The A’s will officially be playing Sacramento in 2025 before a planned move to Vegas. A once-dynastic baseball town has been abandoned.

It’s official. At the end of the 2024 campaign, the Oakland Athletics will be dead. They will play at least their next three seasons at Sutter Health Park, home of the minor-league Sacramento River Cats, and aim to move into a new ballpark in Las Vegas in 2028.

When it was announced in 2023 that the A’s were officially planning on ditching the Bay Area for Vegas, it was a serious blow to the baseball community.

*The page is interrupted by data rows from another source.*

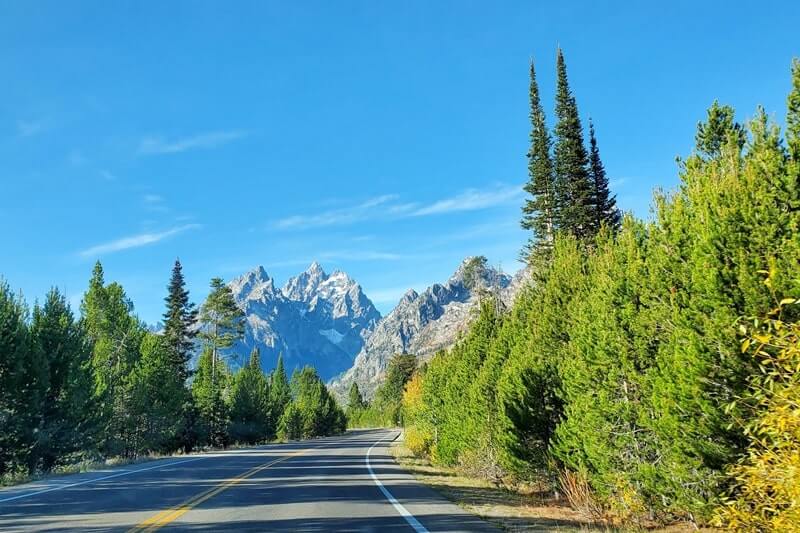 Driving the 42-mile scenic loop road in Grand Teton National Park: Driving through Grand Teton National Park off of north jenny lake junction onto jenny lake road. wyoming travel blog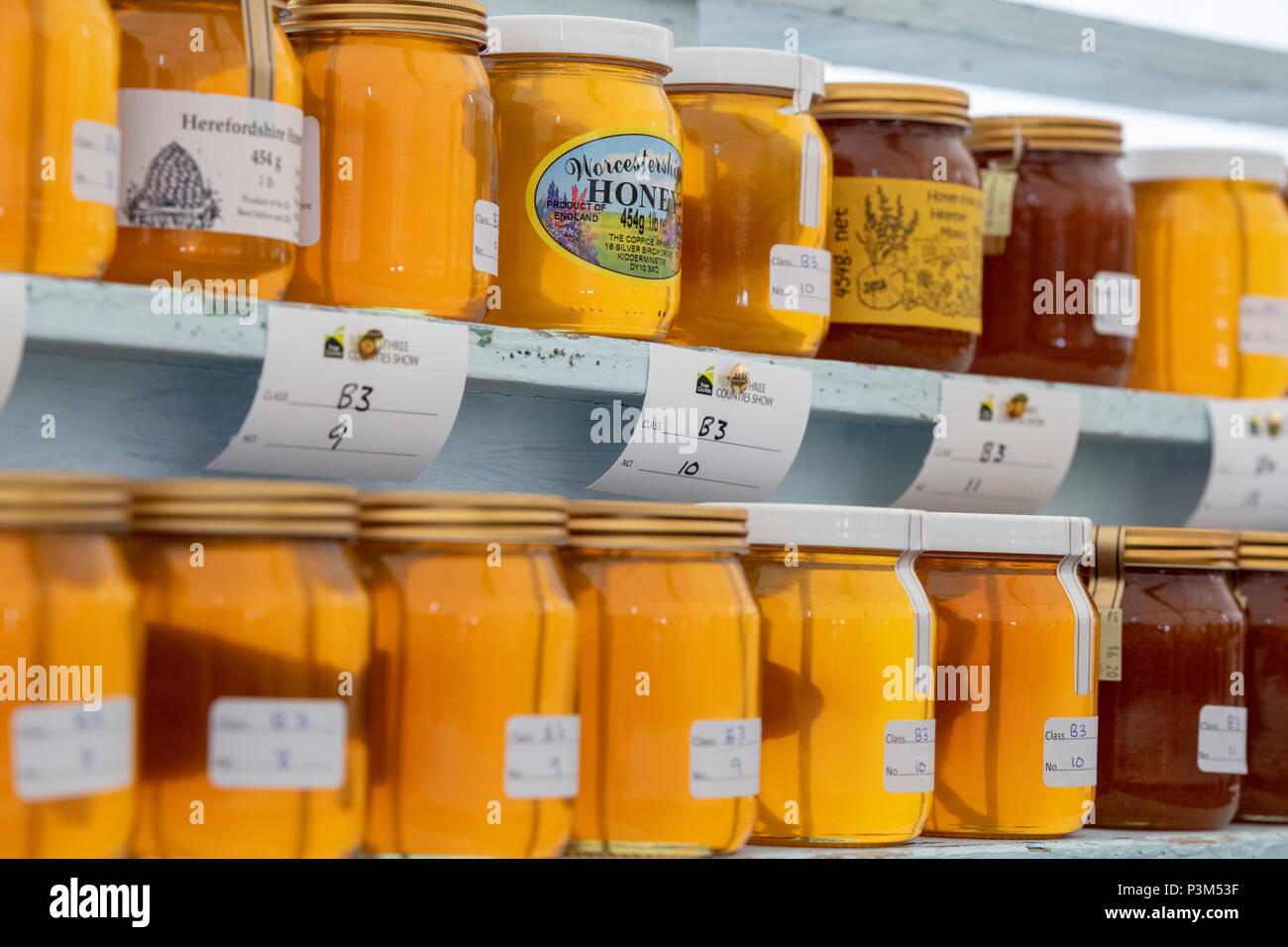 Barattoli di miele essendo giudicato a e spettacolo agricolo. Regno Unito Foto Stock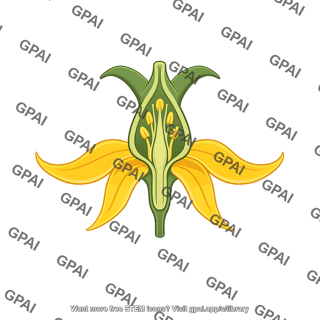 Tomato flower half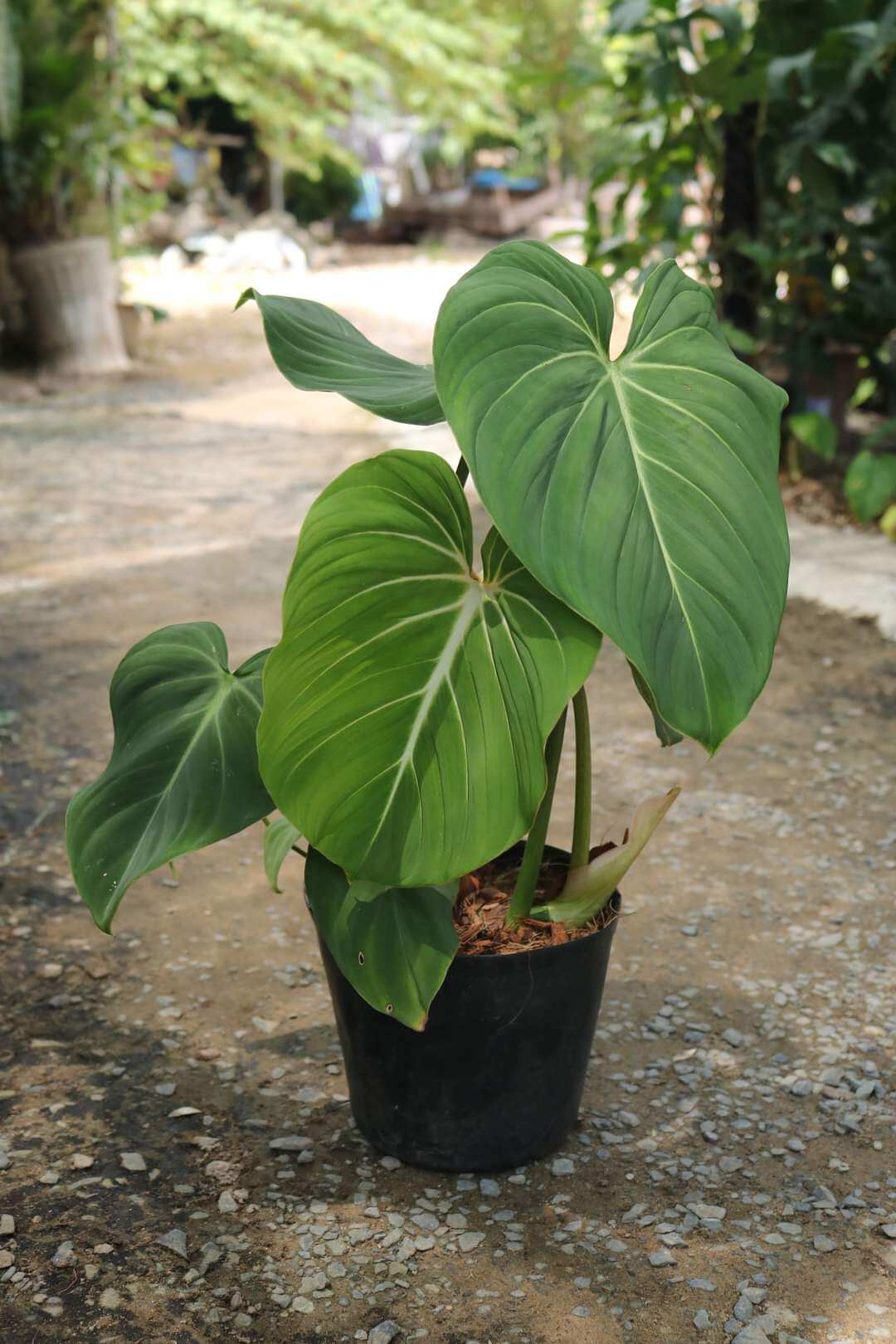 Philodendron Gloriosum plant- Cây trầu gloriosum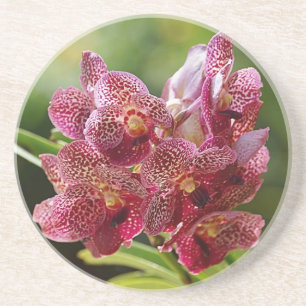 Tropische Vanda-Orchideen-Gruppe Sandstein Untersetzer
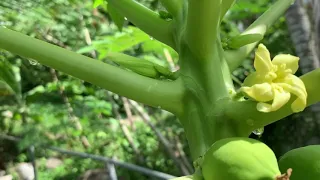 Female papaya flowers.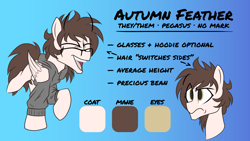 Size: 3840x2160 | Tagged: safe, artist:autumn feather, oc, oc only, oc:autumn feather, pegasus, pony, clothes, glasses, hoodie, reference sheet, solo, text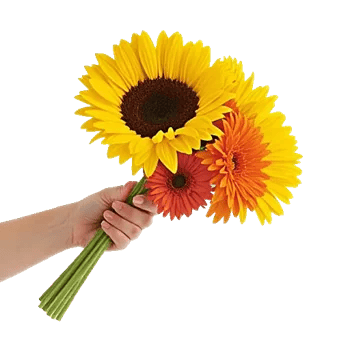 Amber Sunflower Glow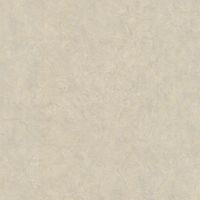 Обои Zambaiti Parati Trussardi VI Винил на флизелине (1,06*10,05) Коричневый/Серый, Штукатурка арт-46036 — фото 1, Обои для стен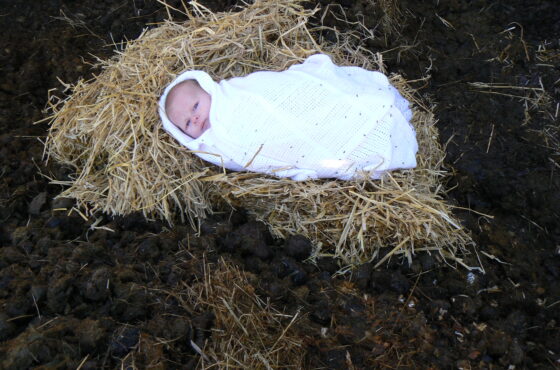 Now and Not Yet: Welcome to Planet Earth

But it hit few people harder than Dave Stewart.

“It’s going to be forgotten that there even was an Oakland A’s franchise, quite frankly,” said Stewart to Bill Shaikin of the Los Angeles Times. “The future generations of kids that grow up in Oakland won’t even know there was ever a team there, that Rickey Henderson was one of the best players ever to put a uniform on, that Joe Morgan was one of the best players ever to put a uniform on, that Frank Robinson was one of the best players ever to put a uniform on.”

For 67 years, Stewart has lived and breathed with the A’s like few others have, but as many can sympathize. He was born in Oakland and was 11 when the new team arrived in 1968. They had a young core bursting with talent and it didn’t take long for them to become the monsters of Major League Baseball.

There was future Hall of Famer Jim “Catfish” Hunter, the man who only had the nickname because owner Charlie Finley made it up, but who could mystify opposing hitters to such a degree that he threw the AL’s first perfect game in a dozen years during one of Oakland’s very first games at the Coliseum. There was Vida Blue, who had just 10 MLB starts to his name before embarking on an MVP and Cy Young Award-winning season in 1971, twirling a masterful 1.82 ERA in 312 innings, with eight shutouts. There was Rollie Fingers, the mustachioed bullpen ace who flourished while becoming one of MLB’s first great closers.

And of course, there was a man who made himself so famous that you don’t even need his last name: Reggie.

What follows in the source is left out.